2. One-card or two-card full-house?
For the sake of simplicity we’ll ignore suits. (By the time we have made a full house, the suits are mostly irrelevant aside from straight-flush possibilities).
Board – 9988
Player 1 – A9
Player 2 – A8
This is the most obvious example that gets recreational players into trouble. There are two possible full-houses available on this board. 9x holdings and 8x holdings. The best available full-house is described as the “over-full”. The dominated full-house is described as the “under-full”. Depending on the action, player 2 should be able to consistently get away from his dominated full-house.
Note that if the river comes a K –
Board – 9988K
There are other full-house possibilities that could dominate the A9. K9 and KK both make the over-full relative to the A9. Note however that the A9 is still relatively strong in this scenario, but in the face of extremely large action (perhaps for deep stacks), the A9 may need to re-evaluate and consider folding.
By the time a full-house is generated using both of our hole-cards as opposed to just one, it generally becomes more robust and less likely to be dominated. On the above board texture, A9 uses one hole-card whereas K9 uses two hole-cards. Here is another example involving two-card full-houses.
Board – 998
Player 1 – 88
Player 2 – 98
Both players have extremely strong hand and should likely be stacking off here (assuming not ridiculously deep). While player 1 knows he has the underfull, the fact that it’s a two card under-full really boosts the hands strength. Treating the hand in the same way as the one-card under-full would be a mistake.
Usually Better to Fastplay
It’s easy to assume that two-card full houses ares the super-nuts and will be for all eternity. That’s not exactly true however, and some situations make suckouts more likely. Even strong under-fulls where we are committed can be problematic if slowplayed.

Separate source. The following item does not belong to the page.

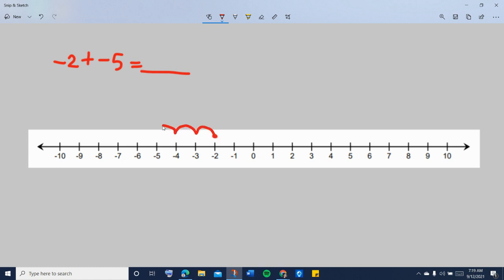1, 2, 3, 4, 5. After doing that, since you stopped at negative 7, that means negative 2 plus negative 5 is negative 7.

We might feel invincible with our 88 on the 998, but it’s important to keep in mind that any Nine on the turn or river absolutely kills our hand. We are now left with the one-card under-full. As we have seen, any over-card to the board on the turn and river also makes better full-houses possible. Contrary to popular belief, this is not a hand that should be slowplayed.
Even the 98 may want to think seriously about whether slowplaying is a great idea. Villain may hold hands such as K9 and A9 which he is happy to stack with on the flop, but can improve to better full-houses when they spike an Ace or King.
For us to even consider slowplaying, we really want the board 100% locked up. AK on AAK might provide a reasonable opportunity. Or 99 on the 9988 (quads). Even then, just because slowplaying is an option, does not guarantee that it’s going to be the most profitable thing to do. After all, the average poker player has a leak where they call too much, and playing aggressively naturally exploits this leak. In PLO, fastplaying becomes even more important, since our opponent typically has additional opportunities to suck out when he holds 4 cards instead of 2.
Always remember that not all full-houses are equal (some are relatively weak), and that fast playing is still the best approach in many scenarios.